Unmixing of magnetic hysteresis loops through a modified Gamma-Cauchy
exponential model
Abstract
Quantifying the contributions of distinct mineral populations in bulk
magnetic experiments greatly enhances the analysis of environmental and
rock magnetism studies. Here we develop a new method of parametric
unmixing of susceptibility components in hysteresis loops. Our approach
is based on a modified Gamma-Cauchy exponential model, that accounts for
variable skewness and kurtosis. The robustness of the model is tested
with synthetic curves that examine the effects of noise, sampling, and
proximity of susceptibility components.

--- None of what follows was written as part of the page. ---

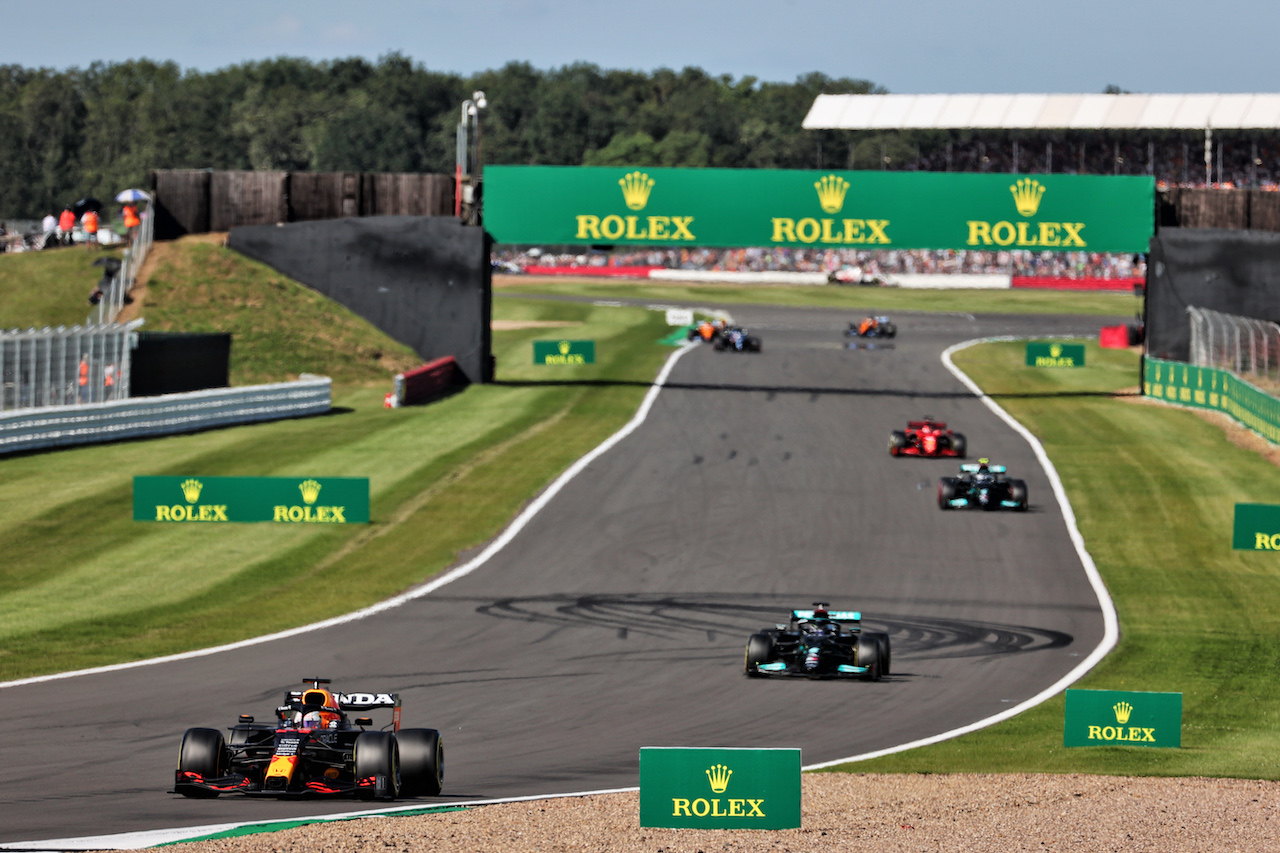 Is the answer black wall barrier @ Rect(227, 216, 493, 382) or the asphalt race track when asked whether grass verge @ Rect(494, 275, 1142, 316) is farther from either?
the asphalt race track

We provide a Python-based
script, the Hist-unmix package, which allows the user to adjust a direct
model of up to three ferromagnetic components as well as a
dia/paramagnetic contribution. Optimization of all the parameters is
achieved through least squares fit (Levenberg-Marquardt method), with
uncertainties of each inverted parameter calculated through a Monte
Carlo error propagation approach. For each ferromagnetic component, it
is possible to estimate the magnetization saturation (Ms), magnetization
saturation of remanence (Mrs) and the mean coercivity (Bc). Finally,
Hist-unmix was applied to a set of weakly magnetic carbonate rocks from
Brazil, which typically show distorted hysteresis cycles (wasp-waisted
and potbellied loops). For these samples, we resolved two components
with distinct coercivities. These results are corroborated by previous
experimental data, showing that the lower branch of magnetic hysteresis
can be modeled by the presented approach and might offer important
mineralogical information for rock magnetic and paleomagnetic studies.